Son los nuevos “precarios” como los definía
el sociólogo Ulrich Beck cuando analizaba el efímero fenómeno mundial de los
indignados, hace una década. No son los excluidos, no es el proletariado. Es la
gente de la clase media que protesta porque no puede comprar un seguro médico,
que debe endeudarse ante una enfermedad o para que sus hijos estudien. Ese
reproche con estas magnitudes y ese origen deslegitima y desestabiliza un
sistema que ha amontonado a los sectores que antes protagonizaban la movilidad
social con los condenados al no crecimiento, en lugar de proceder a la inversa,
como se debería.
Un dato
interesante es que la rebelión en Chile no arrancó como una expresión
destituyente. Las movilizaciones no exigían en su mayoría la caída del gobierno
o un modelo distante del que se ha venido construyendo los últimos 30 años. Lo
que se ha venido reclamando es otro orden en el cual estén incluidos.

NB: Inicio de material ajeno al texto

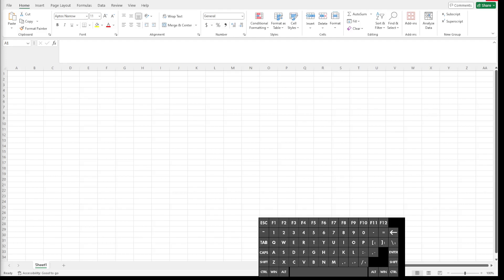Today we're going to be looking at how we can use Microsoft Excel to produce a graphical and mathematical relationship between variables.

Existe cierta sorpresa y ánimo conspirativo
por la oleada de crisis que sacude a la región, primero en Ecuador, ahora en
Chile y, con un formato más particular, en Bolivia. Es cierto que no son
escenarios similares pero lo que los asemeja es el mismo proceso de agotamiento
y frustración de sus sociedades junto a un desplome de la calidad democrática.
Ese reproche se da en las calles o en el voto castigo como sucedió en las
PASO argentinas o en el repudio a la política detrás de la elección en
Brasil del ultra Jair Bolsonaro.
En
Bolivia es la primera vez que a Evo Morales se le complica el panorama
electoral y acaba de escapar entre sospechas de fraude de una segunda vuelta
que seguramente lo sacaba del poder.
La
coincidencia entre esos casos surge del hecho de que la región experimenta la
parte que le toca del parate que sufre la economía planetaria y la reaparición
del espectro de la recesión. Esa retracción derrumba el precio de los
commodities, rubro clave en la periferia. Chile no diversificó su economía y
sigue dependiendo del cobre del cual es el mayor productor mundial. Pero el
precio del metal está en la mitad de su precio histórico, parte de la
explicación del reducido crecimiento que experimenta el país los últimos largos
años y que el ingreso per capita permanezca inmóvil los últimos diez años,
indicador que define el ingreso individual.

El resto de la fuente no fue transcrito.